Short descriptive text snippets
====

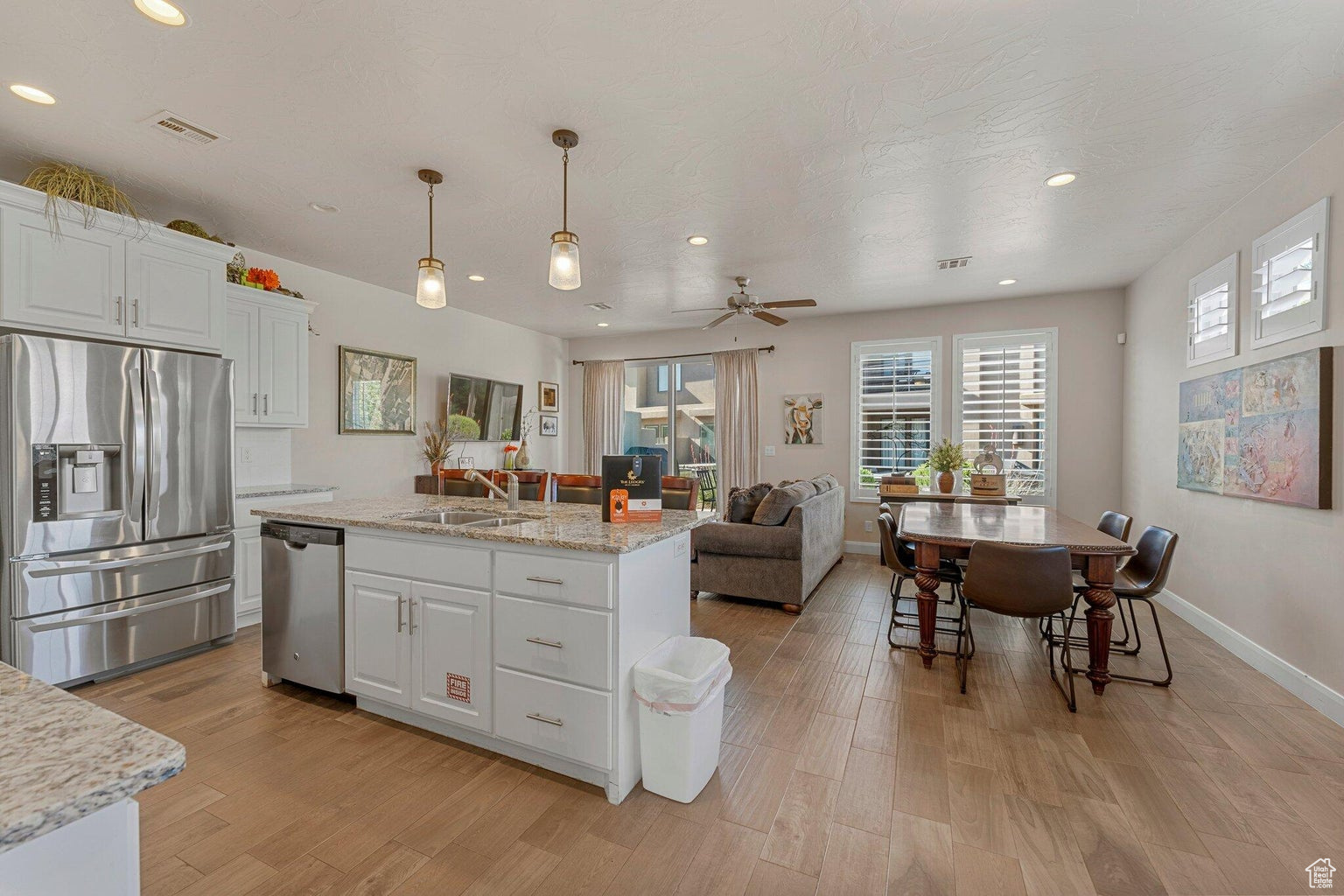 ESCAPES AT THE LEDGES PH 1 - Residential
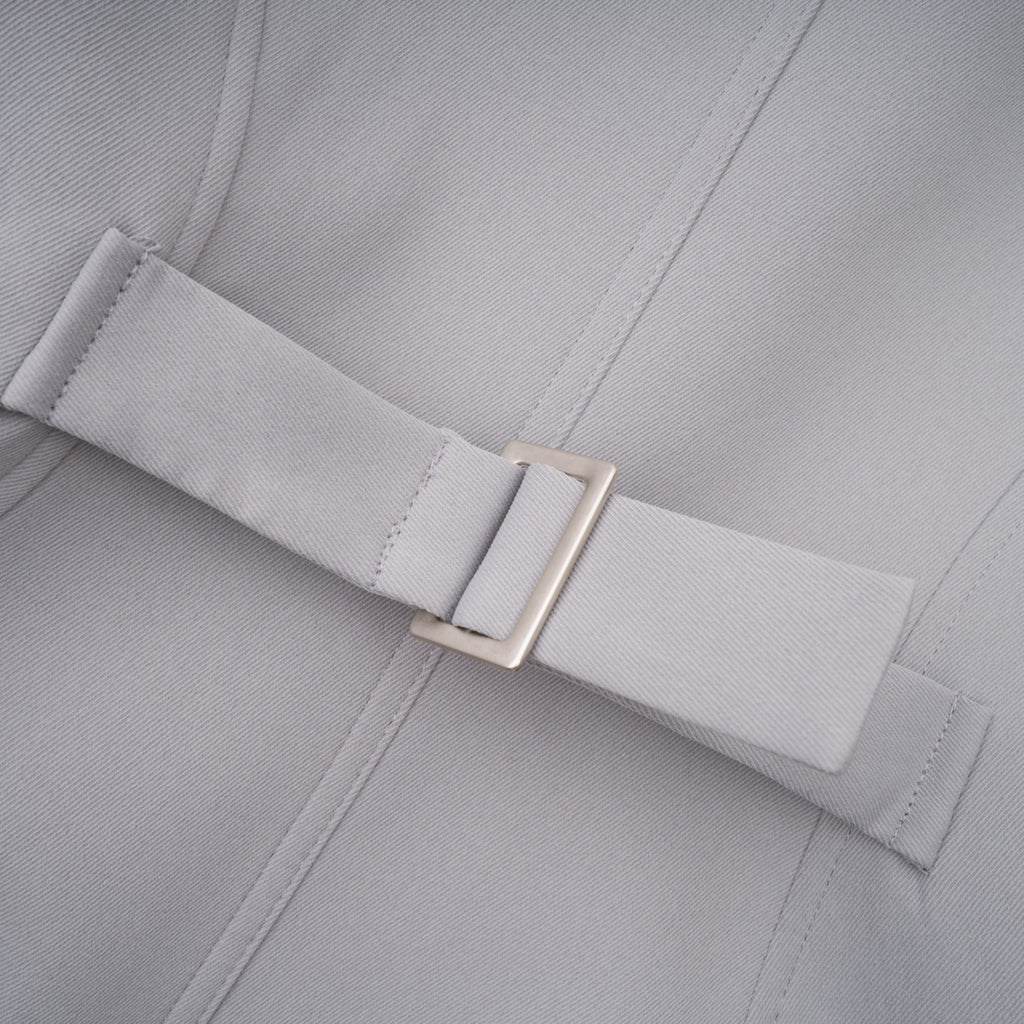 Cuello de cuero gris Vilma de la chaqueta de caza Bridal, vista frontal con detalles de costura y cierre.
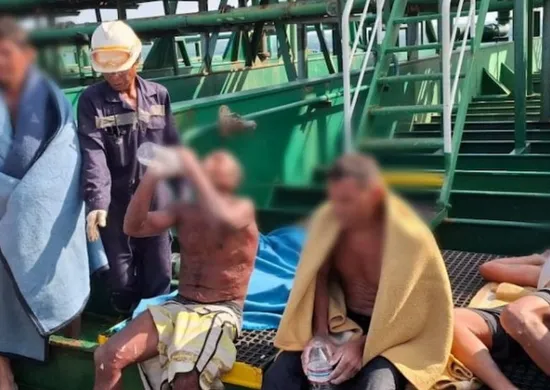 Imagem ilustrativa da imagem Mais de 72 horas à deriva: grupo de pescadores é resgatado após três dias no mar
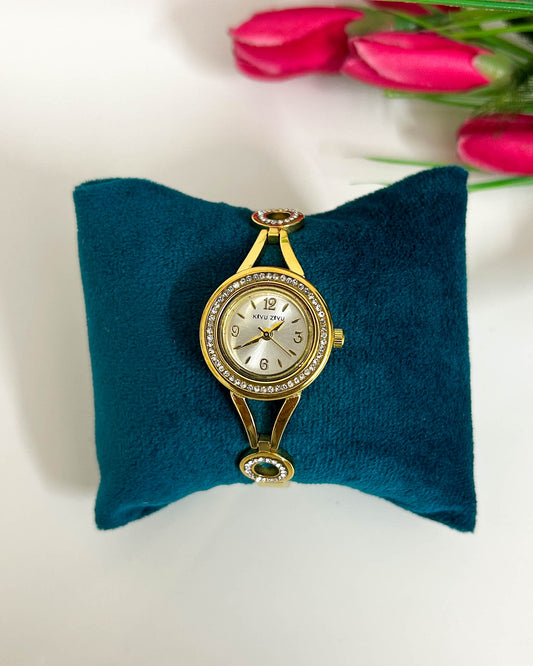 Round thin wrist baby size watch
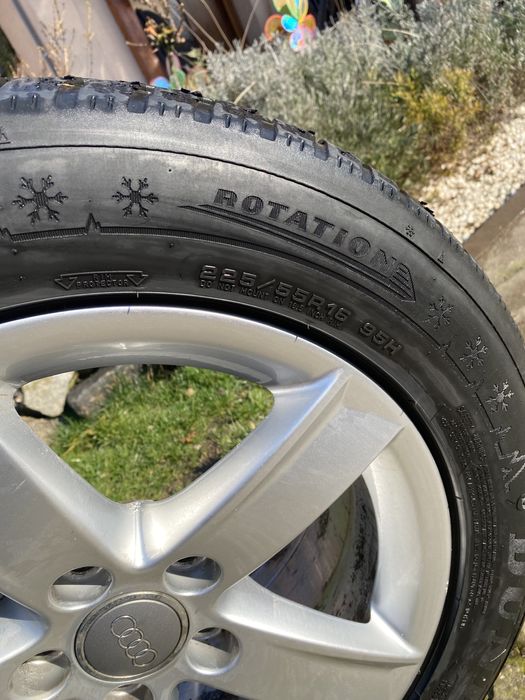Anvelope Dunlop Wintersport 5 M+S 225/55 R16 cu jante originale Audi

====

## Exercise objective
Every line from the one holding "Round thin wrist baby size watch" through the final line of the data above is to be reproduced exactly, both ends included, with the pictures left out.

## Worked solution
 Round thin wrist baby size watch
Anvelope Dunlop Wintersport 5 M+S 225/55 R16 cu jante originale Audi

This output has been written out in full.